If everything, a strange echo. Who would greet his father that way?

The whole kill the mentor thing was was quite a rehash of ANH’s moment, with the major flaw of a more dramatic scenario for a far less important moment (Jedi Anakin Skywalker, known as Darth Vader, responsible for the destruction of the Jedi Order and the implementation of a galaxy-wide tyranny meets his former friend and master Jedi General and hero of the Clone Wars Obi Wan Kenobi in a random fluorescent-lighted corridor in the Death Star vs. unknown Ben Solo kills his famous yet-muggle father based on an unexplained resentment due to the orders of an unexplained supreme leader in an expressionist bridge in the middle of an unexplained abysss which has a single stream of light that baths the character that is supposed to be good while the rest is in darkness.
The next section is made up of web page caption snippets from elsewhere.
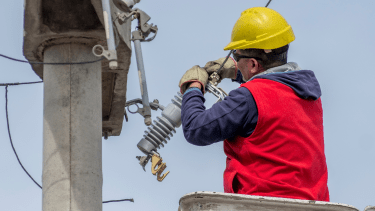 La distribuidora de energía aconseja tomar las medidas de seguridad necesarias ante la interrupción en el suministro. Foto: gentileza Edersa.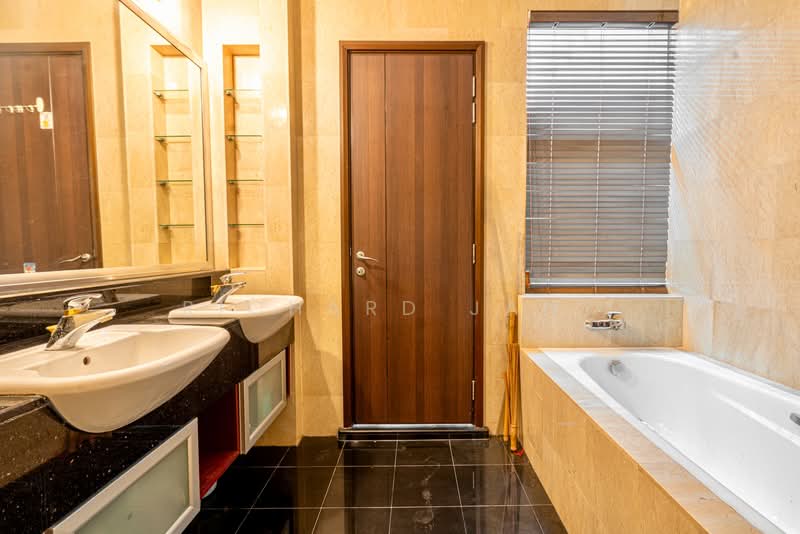 The Springside, 20 Springside Walk, 5 Bedrooms, 3,348 sqft, Corner Terrace For Sale, by Richard Jany, 500138715 - Bathroom - PropertyGuru.com.sg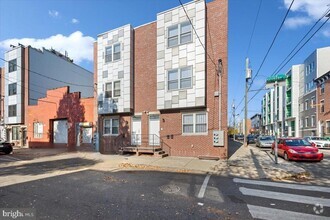 Building Photo - 1322 N 15th St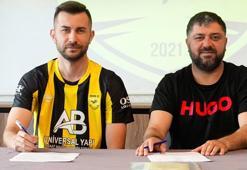 Galatasaray'ın eski yıldızı Adana 01 FK'ya transfer oldu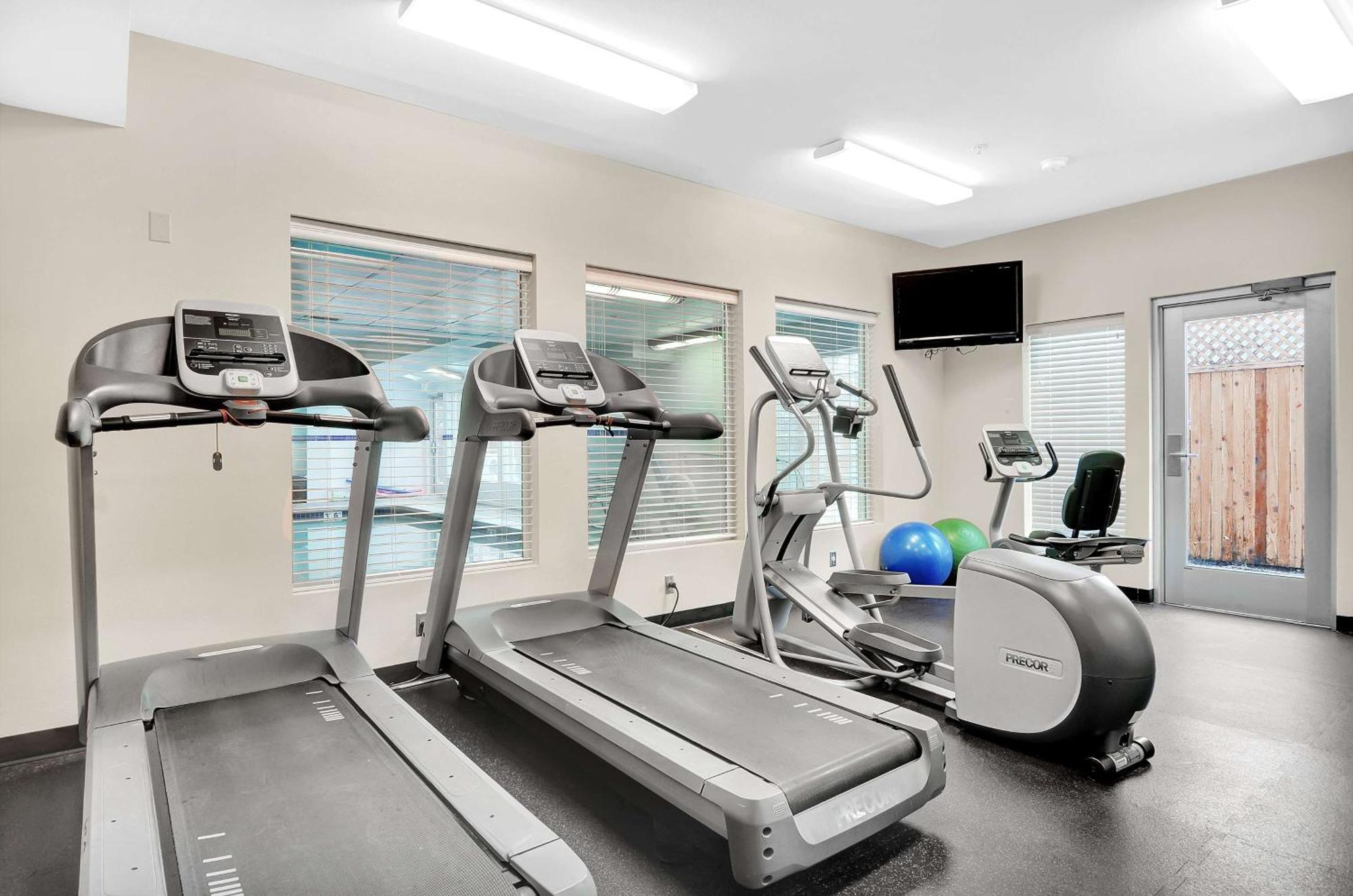 Executive Residency By Best Western Navigator Inn & Suites Эверетт Экстерьер фото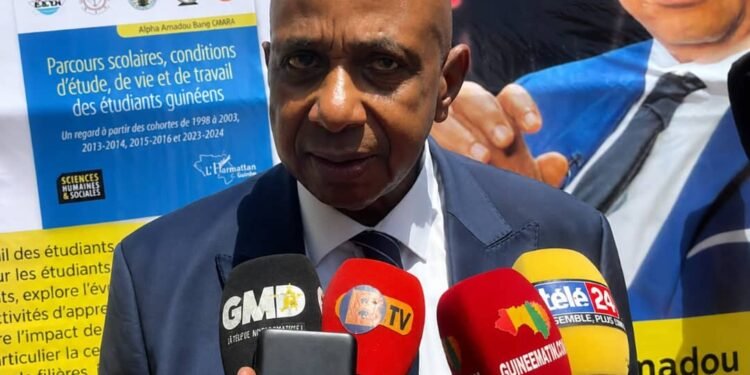 Enseignement supérieur : le Pr Bano Barry ausculte les failles de l’université guinéenne dans son nouvel ouvrage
As much as a videogame scenario as mustafar, actually.

Post
#1028442
Topic
Why Doesn't the Resistance have Tie Fighters in The Fore Awakens?
Time

DominicCobb said:

Well sure, and I’d say good. Using visuals to tell the story is far more important in my mind than in-universe logic. I’ll admit that the Resistance should have armor in the next film, but if they don’t, I’m not going to lose any sleep over it.

Yes, what you say is true. It’s just I find it hard to fully accept how much they decided to neglect everything that was implied by the ending of ROTJ; the Empire visually surviving is one thing, the Rebels visually not having won is another.